If you don't know who "Blind" Willie Johnson is, take a second to listen to this seminal piece, Dark Was The Night (Cold Was The Ground).
A copy of that song was attached to the Voyager One spacecraft before it was launched in 1977 a potential cultural offering to alien life. As you may have heard on KUT yesterday afternoon during All Things Considered, Voyager One, still functioning, is about to exit the solar system.
Back on planet Earth, Johnson is receiving a special designation today from the state of Texas. An Official Texas Historical Marker will be placed in Johnson's hometown of Beaumont. There are more than 15,000 official markers across the state.

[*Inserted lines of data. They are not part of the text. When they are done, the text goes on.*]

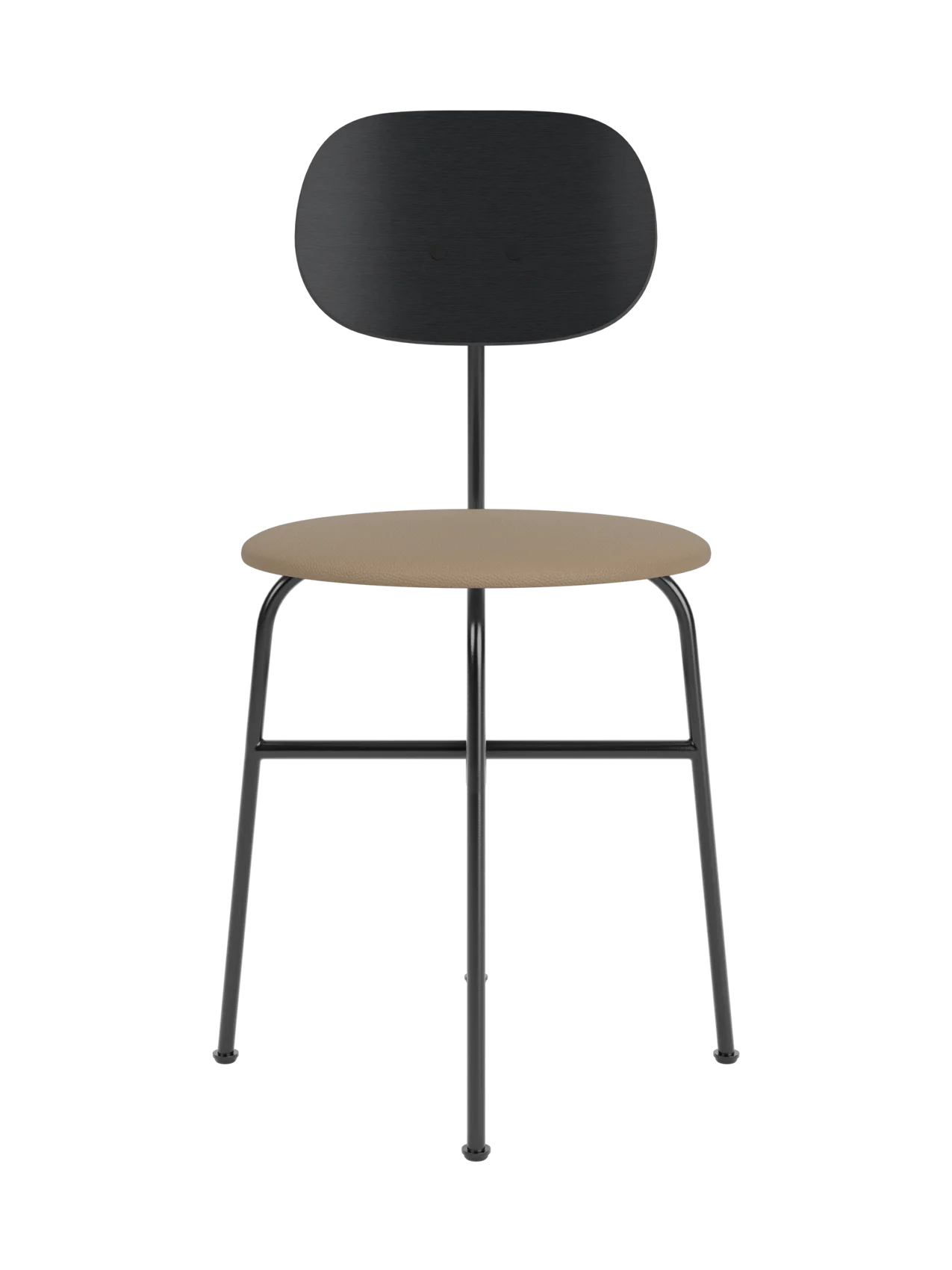 Afteroom Dining Chair Plus with a tan Sierra 1611 upholstered seat and black painted oak backrest on a steel frame.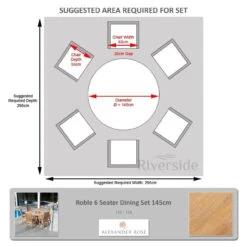 Living Furnitures Shop -Living Furnitures Shop alexander rose roble 6 seater dining set 145cm measurements 14804.1627986924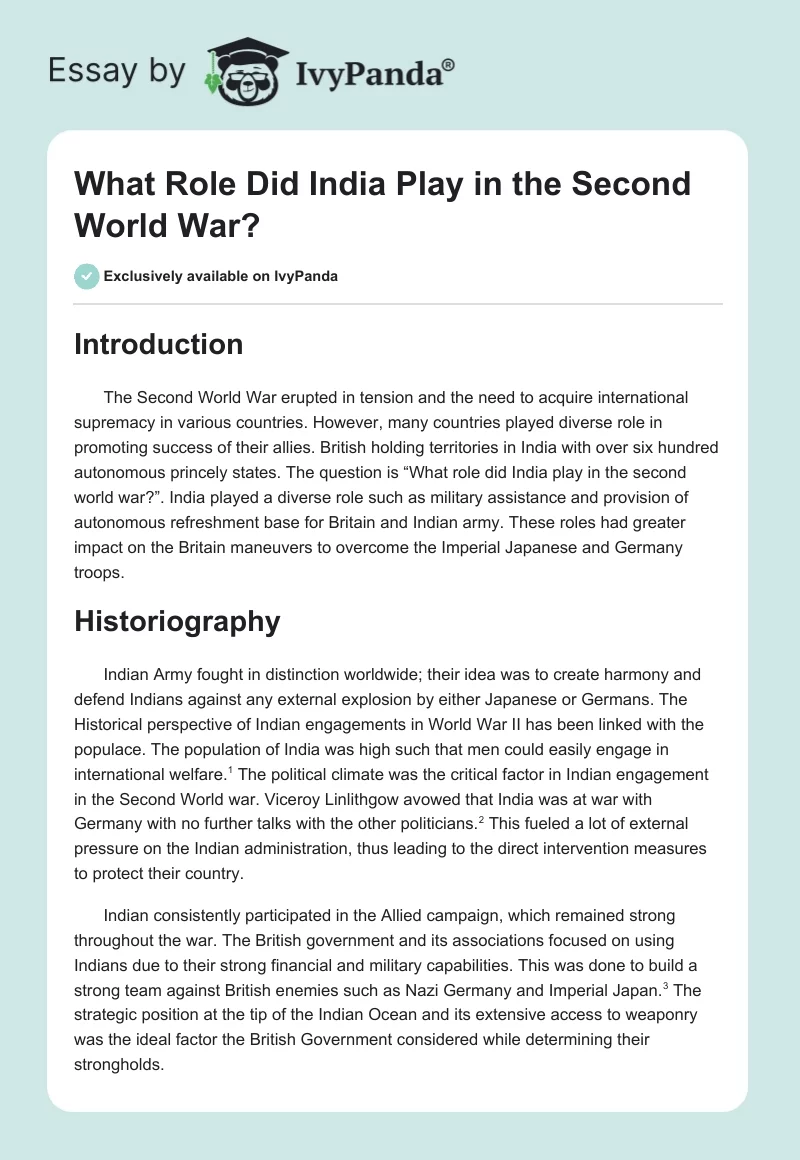 What Role Did India Play in the Second World War?. Page 1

Johnson was born in Brenham, Texas, about 90 miles east of Austin, in 1897. Legend has it that his step-mother threw soap lye in his face as a child, causing him to go blind.
KUT's Texas Music Matters, a music journalism unit at the station, reported that two graduates of the University of Texas at Austin, Shane Ford and Anna Obek, were inspired to push for a memorial for Johnson. Their campaign began when they started traveling the state after watching a PBS series on the blues. Listen to KUT's Andy Uhler report in this seven minute piece on the role two young Austinites played in establishing the memorial being unveiled today.
http://texasmusicmatters.kut.org/podpress_trac/web/8483/0/uhler-blind-willie-johnson-mix.mp3
The marker will be dedicated at 2 p.m. today at Pilgrim's Rest Baptist church, 1440 Forest Street in Beaumont. People from the Jefferson County Historical Commission and the Port Arthur Historical Society will do the unveiling.